Work order:
An exact copy, beginning at the line containing "Fisher w/Football" and ending at the final line of the records that follow, is the answer; it has no pictures and no other text.

*** Opening of The records ***

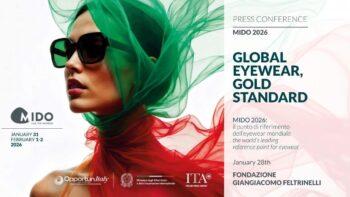 tendances lunettes MIDO 2026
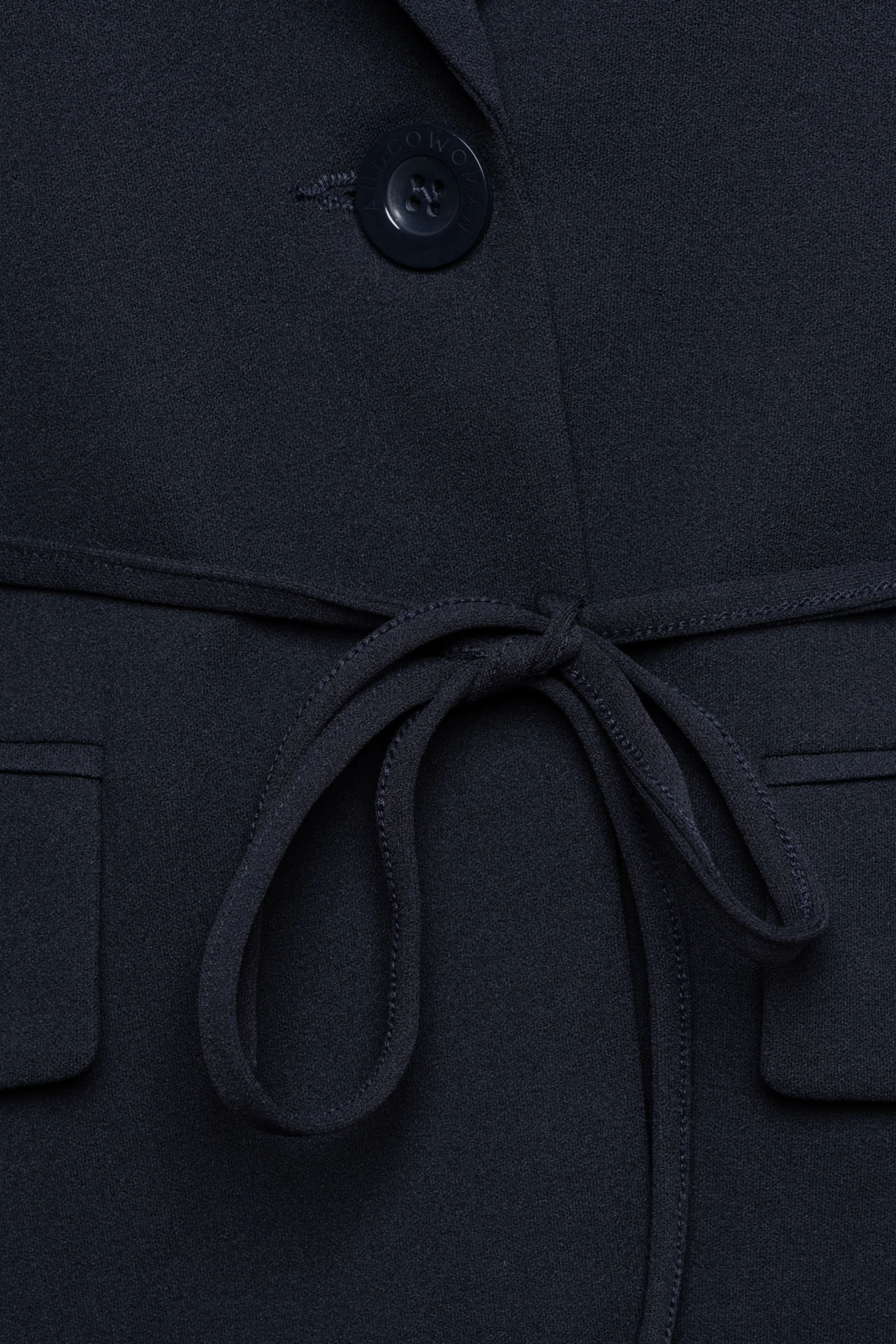 Blazer Gina Dark Blue BZ179 - Image 9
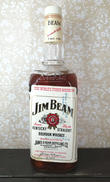 ジムビーム　旧ボトル|JIM BEAM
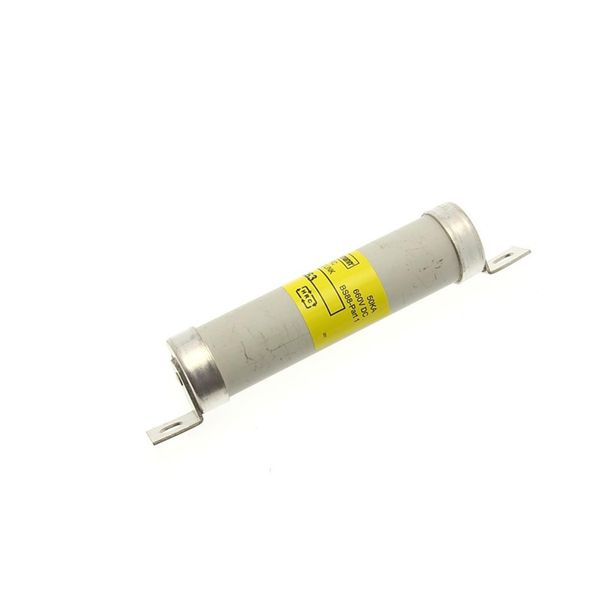 Fuse-link, high speed, 63 A, AC 1200 V, DC 660 V, BS2692-1, 26 x 139 mm, BS image 10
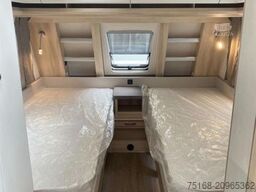 HOBBY De Luxe 515 UHL Modell 2026 / 2000 kg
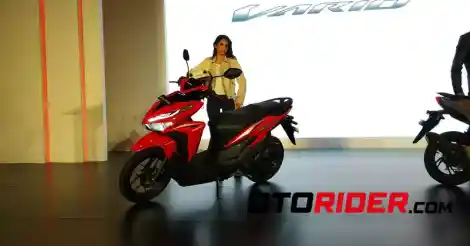 Membedah Profil All New Honda Vario Terbaru, Intip Fitur 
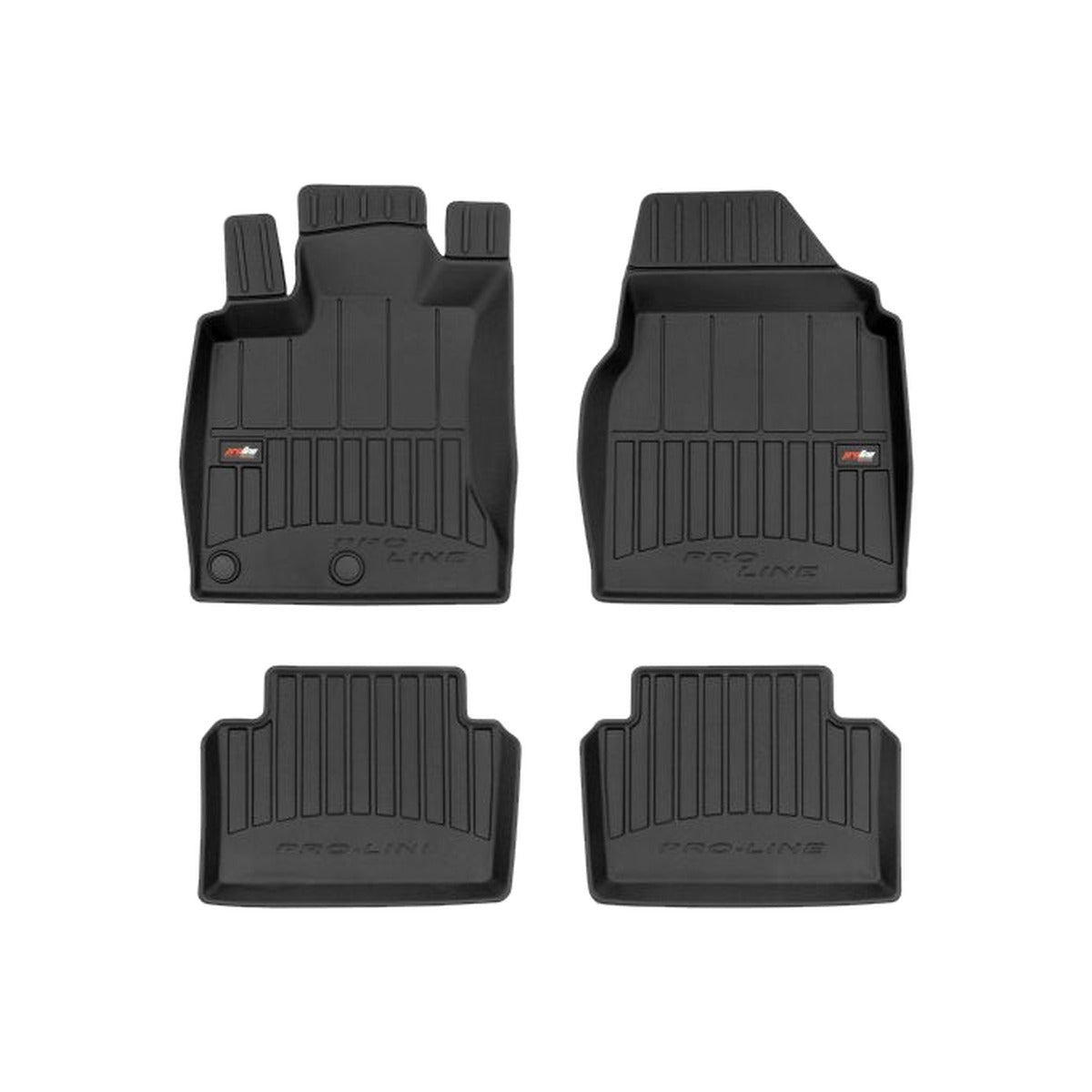 Set covorase cauciuc Nissan Qashqai I 2006-2014 Frogum FRG 3D426733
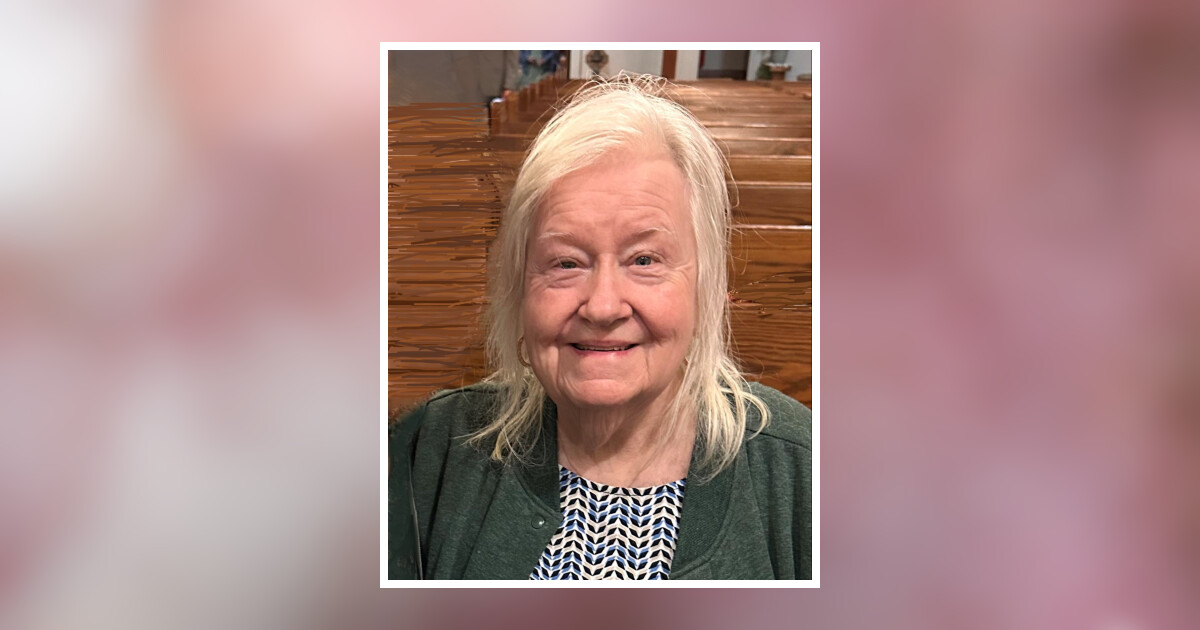 Kathy Lynch Obituary 2024 - Govier Brothers Mortuary & Crematory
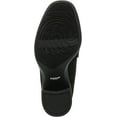 thumbnail image 5 of Dr. Scholl's Shoes Womens Rumors Block Heel Loafer Black Synthetic 8.5M, 5 of 5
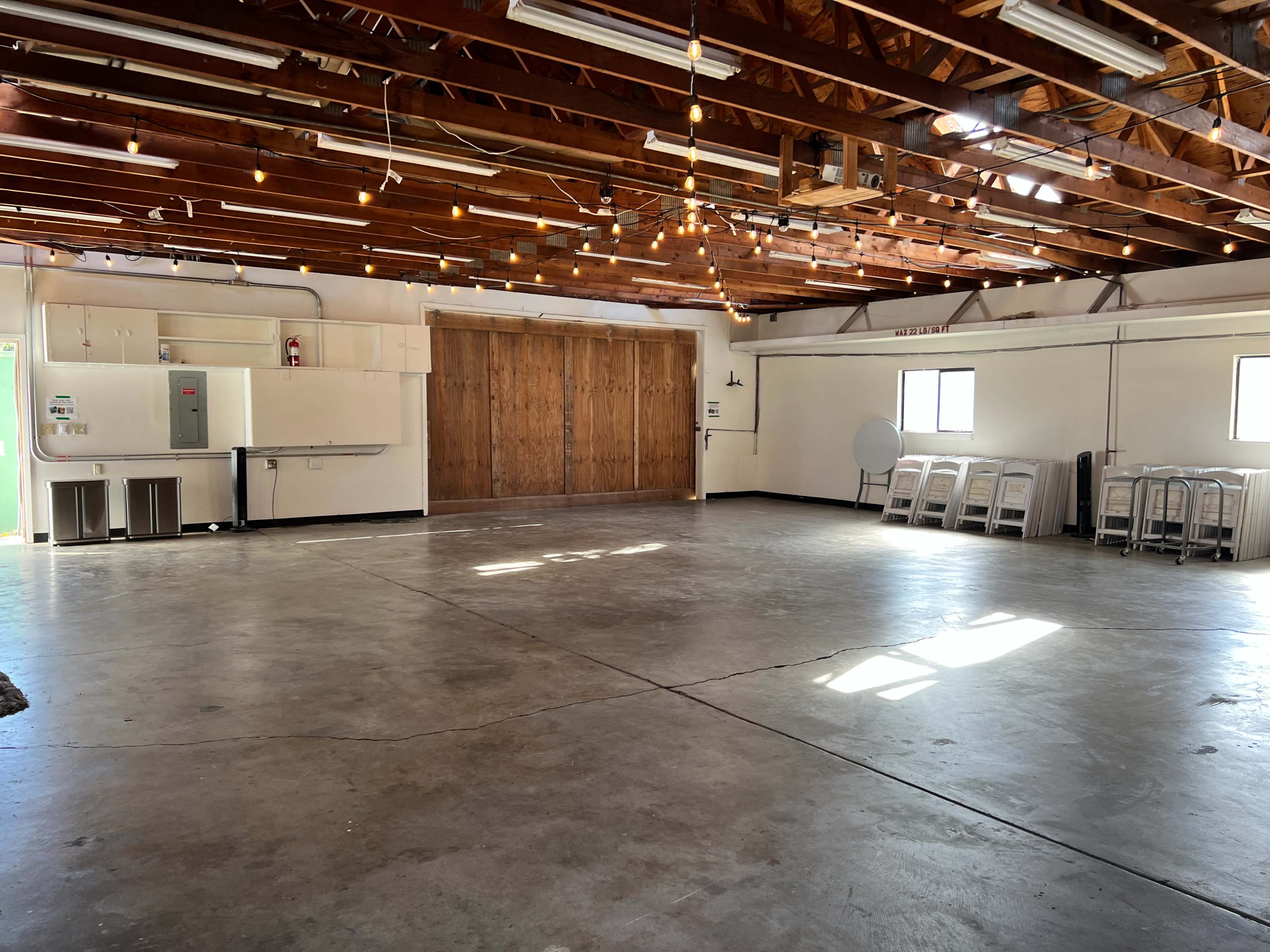 Rustic Event Hall 8 minutes from Castro Valley Image in , Castro Valley, CA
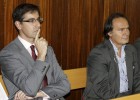 Sacyr recurre la rescisión del contrato del aeropuerto de Murcia Sacyr recurre la rescisión del contrato del aeropuerto de Murcia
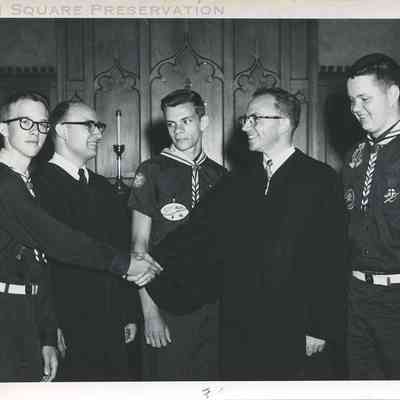 God and Country Award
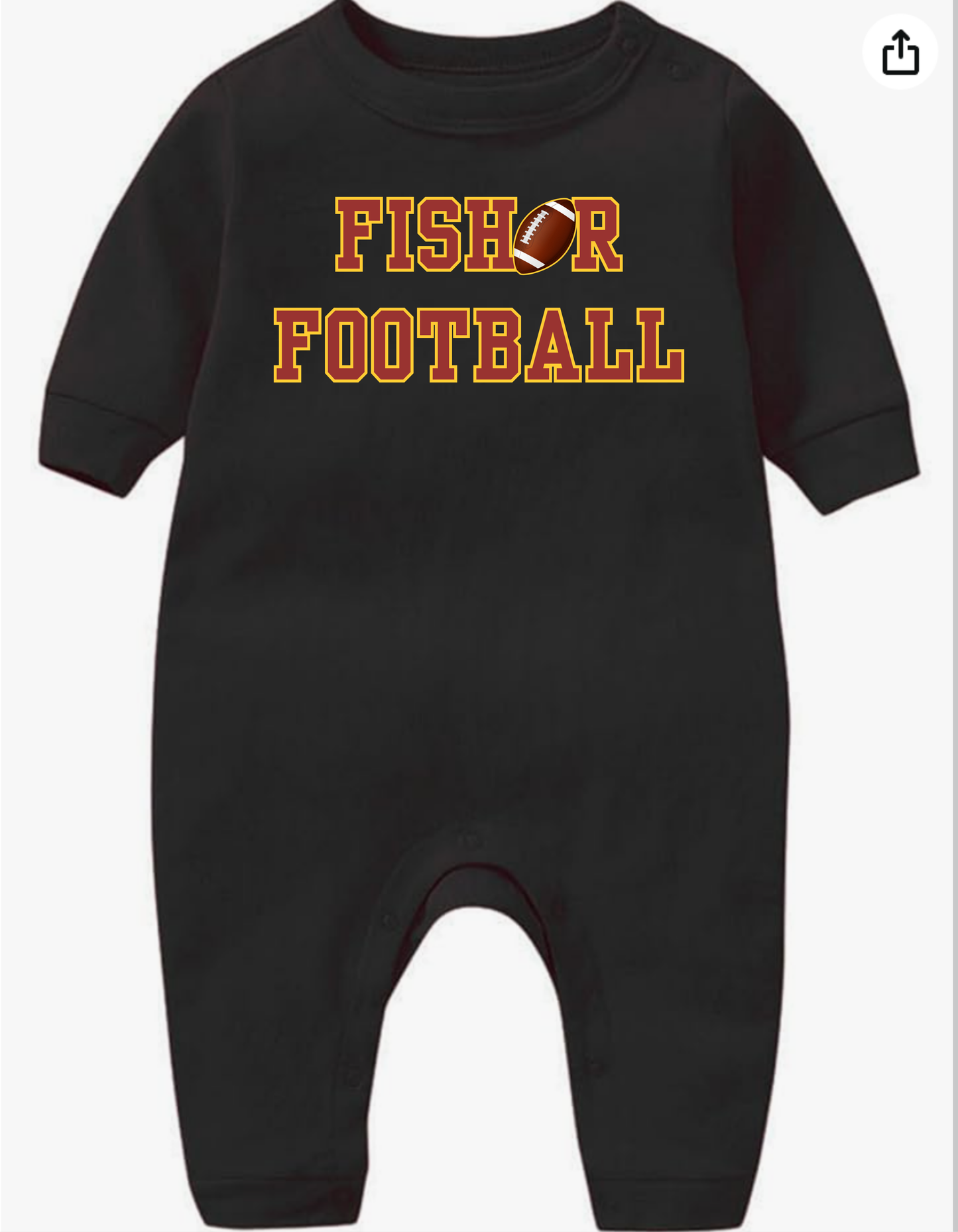 Fisher w/Football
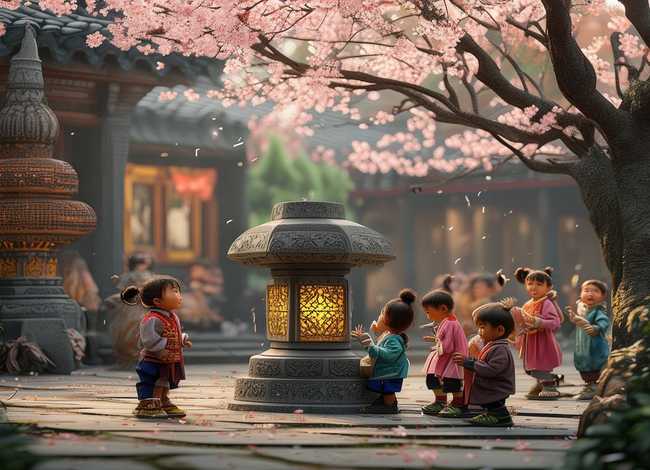 国风儿童故事推荐 中国风故事幼儿园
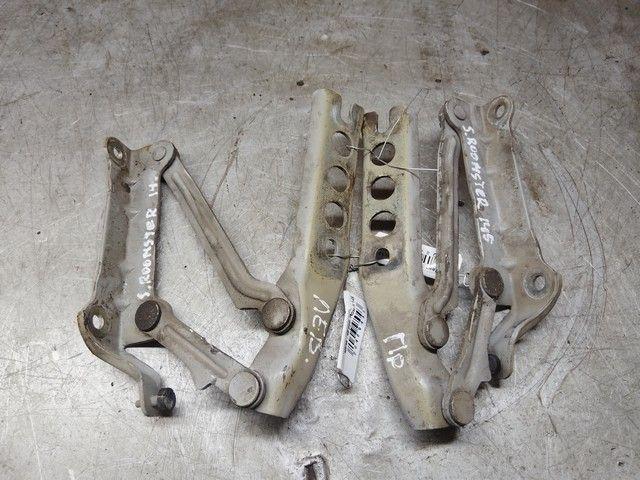 Петля капота I3PVEF Skoda Roomster купить в магазине запчастей бу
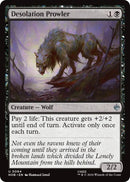 Image for Desolation Prowler (64) (The Hobbit) (HOB) - Magic: The Gathering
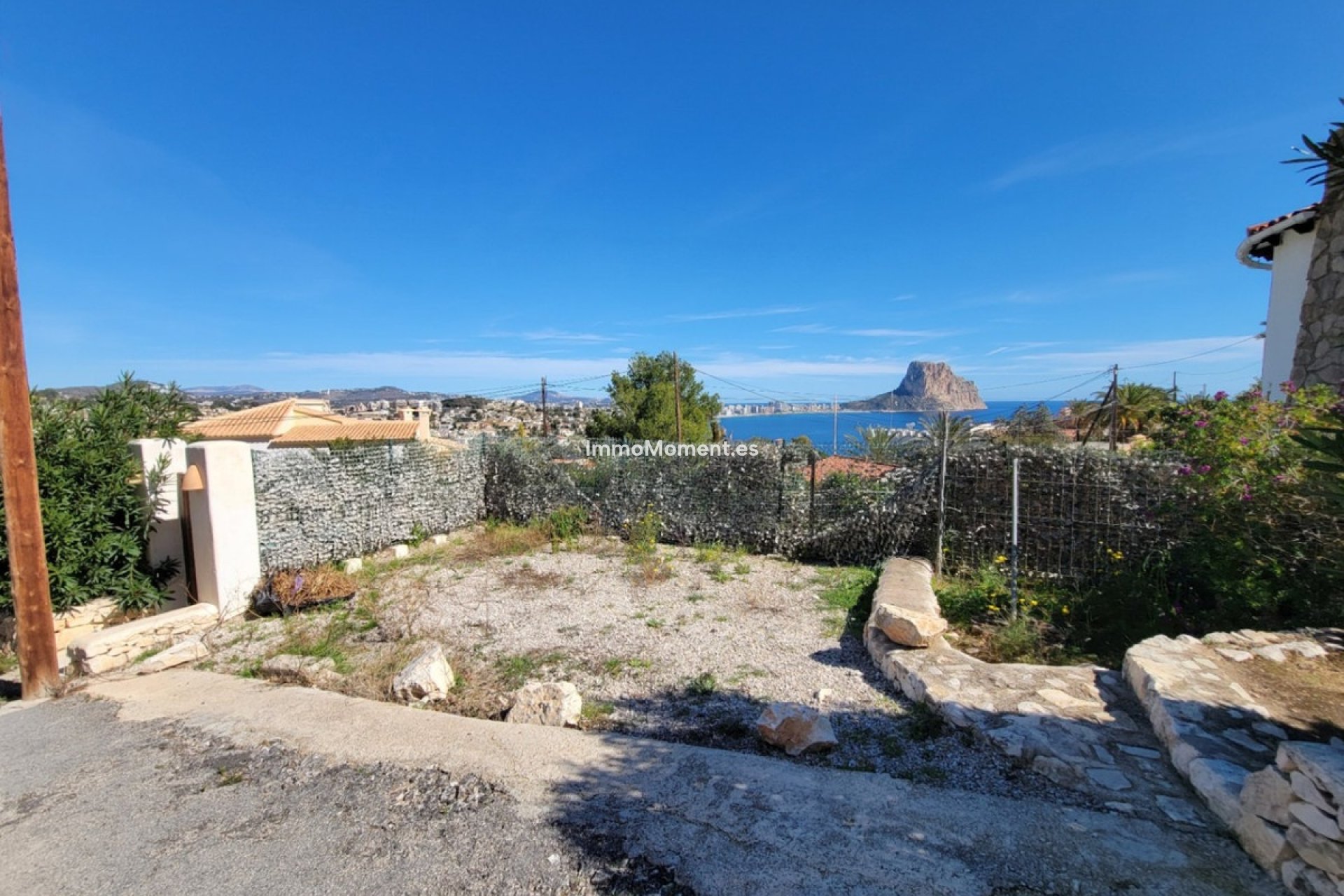 Revente - Villa individuelle - Calpe - Calpe Centro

*** Close of The records ***

Output for this task:
 Fisher w/Football
 国风儿童故事推荐 中国风故事幼儿园
 Петля капота I3PVEF Skoda Roomster купить в магазине запчастей бу
 Image for Desolation Prowler (64) (The Hobbit) (HOB) - Magic: The Gathering
 Revente - Villa individuelle - Calpe - Calpe Centro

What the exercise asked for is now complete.